Posted to reviews@impala.apache.org by "Dimitris Tsirogiannis (Code Review)" <ge...@cloudera.org> on 2017/09/08 05:41:38 UTC

[Impala-ASF-CR] [PREVIEW] IMPALA-5538: Use explicit catalog versions for deleted objects

Dimitris Tsirogiannis has posted comments on this change.

Change subject: [PREVIEW] IMPALA-5538: Use explicit catalog versions for deleted objects
......................................................................


Patch Set 1:

(28 comments)

http://gerrit.cloudera.org:8080/#/c/7731/1/be/src/catalog/catalog-server.cc
File be/src/catalog/catalog-server.cc:

Line 288:         BuildTopicUpdates(catalog_objects.updated_objects, false);
> Is there a requirement/assumption that the deletions must come after the up
No, it doesn't matter.


Line 300: void CatalogServer::BuildTopicUpdates(const vector<TCatalogObject>& catalog_objects,
> IMO, it is more readable if the signature of BuildTopicUpdates takes TGetAl
These two "do something" blocks are almost identical. I refactored the code a bit to make it a bit less flaky.

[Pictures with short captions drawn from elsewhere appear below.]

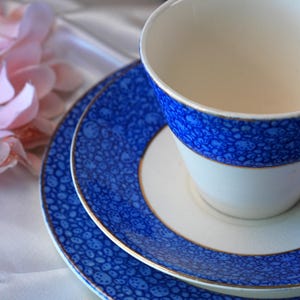 May include: A white teacup and saucer set with a blue bubble pattern and gold trim. The set includes a small plate, a saucer, and a teacup. The teacup is white with a blue band around the top.
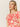 Someone with long blond hair is wearing "the perfect tee sunny riviera" from Sanctuary Clothing, which features bold red floral and abstract patterns on a beige background. They are gazing thoughtfully to the side against a plain backdrop.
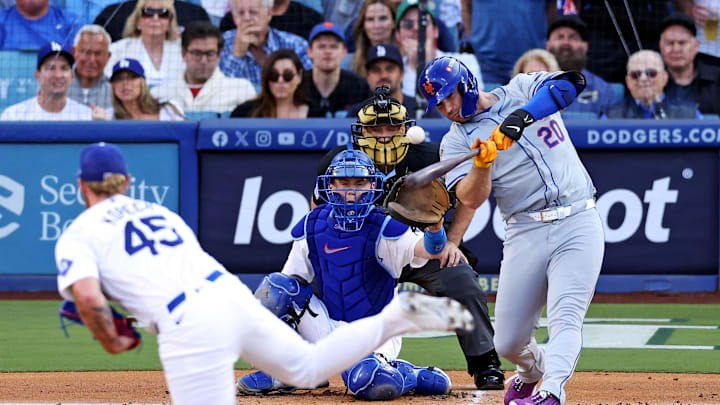 Oct 20, 2024; Los Angeles, California, USA; New York Mets first base Pete Alonso (20) hits and reaches first base on an error during the first inning against the Los Angeles Dodgers during game six of the NLCS for the 2024 MLB playoffs at Dodger Stadium. Mandatory Credit: Jason Parkhurst-Imagn Images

Line 333:             << catalog_object.catalog_version;
> indent
Done


http://gerrit.cloudera.org:8080/#/c/7731/1/be/src/catalog/catalog-server.h
File be/src/catalog/catalog-server.h:

Line 154:   /// determine items that have been deleted, it saves the set of topic entry keys sent
> Update comment
Done


Line 164:       bool topic_deletions);
> What does this param do?
Updated the comment.


http://gerrit.cloudera.org:8080/#/c/7731/1/be/src/scheduling/scheduler-test-util.cc
File be/src/scheduling/scheduler-test-util.cc:

Line 481:   item.key = host.ip;
> Use __set fn like above to be consistent
Done


http://gerrit.cloudera.org:8080/#/c/7731/1/be/src/scheduling/scheduler.cc
File be/src/scheduling/scheduler.cc:

Line 141:   if (delta.is_delta && delta.topic_entries.empty()) {
> single line
Done


http://gerrit.cloudera.org:8080/#/c/7731/1/be/src/service/impala-server.cc
File be/src/service/impala-server.cc:

Line 1323:       TCatalogObject catalog_object;
> Please move this right before DeserializeThriftMsg() so we can see where it
Done


Line 1343:                      << item.key << " is "
> indentation
Done


Line 1367:         LOG(INFO) << "Deleted item: " << item.key << " version: " << catalog_object.catalog_version;
> That's a lot of logging, sure we need this at INFO level?
Sorry, that was for debugging.


Line 1398:             if (existing_object.catalog_version <= catalog_object.catalog_version) {
> Shouldn't this be < and not <=?
Done


PS1, Line 1406: batch_size_bytes
> Looks like we didn't account this earlier for deletions. This logic makes m
Done


Line 1527:       if (item.deleted) {
> Is it possible that within a single list of topic_entries there is both an 
No, it's not possible to have both an addition and a deletion in the same list of topic_entries.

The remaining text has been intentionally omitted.